Identifying Pull-ins and Upsides

To make sure that Oracle Rapid Planning respects the Order Priorities that were set by the user or by an offline process, it is important to identify the Pull-ins and Upsides.

In Oracle Rapid Planning, upsides are defined as a new demand line with type Manual Demand. The priority assigned to this order, its due date, and quantity defines where it is planned in the order sequence

A Pull-in is created on a demand line if the Revised Demand Date is populated. The priority of the Pull-in is populated in the field Revised Demand Priority.

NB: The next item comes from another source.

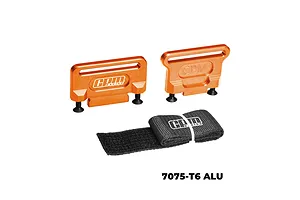 GPM Aluminium Battery Retainers with Velcro Strap - Orange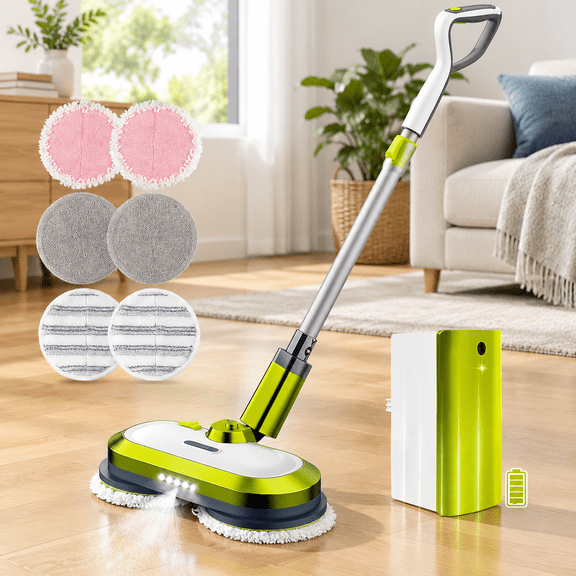 Cordless Electric Mop with Water Spray, Detachable Design, Green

The Revised Demand Date should typically by less than the Firm Date. If the Revised Demand Date is greater than the Firm date then it is a Pull-out which is possible but this is not normal.

In the example shown in the previous section on the new item attributes, note the partial pull-in, fully pull-in and upside in the results. The explanations use the information from that example.

Explanation 1

Order Number WMT-1011 is partially pulled-in as shown below:

Firm Date = 18-Feb-09 and Firm Quantity = 1200; Priority = 2

Revised Demand Date = 04-Feb-09 and Revised Demand Priority = 6

Revised Demand Date is less then Firm Date hence the order is pulled-in. The amount pulled-in is 1200 and will be planned with Revised Demand Priority 6.

Explanation 2

Order Number XYZ-1011 is pulled in fully as shown below:

Firm Date = 11-Feb-09 and Firm Quantity = 700, Priority = 4

Revised Demand Date is less then Firm Date hence the order is pulled-in. The amount pulled-in is 700 (entire quantity) and planned with Revised Demand Priority 7.

Explanation 3

Order Number XYZ-1212 has an upside as shown below:

Firm Date = 25-Feb-09 and Firm Quantity = 2000 with Priority = 5

Manual Demand created with Firm Date = 25-Feb-09 and Firm Quantity = 1500 with Revised Demand Priority = 8

The manual demand is an upside planned with the lowest priority, in this case 8.

In this case, 2000 units of the Order will be planned with the priority of a regular sales order while 1500 units will be planned with priority of a Manual Demand as an Upside. The due date for both demand lines is the same.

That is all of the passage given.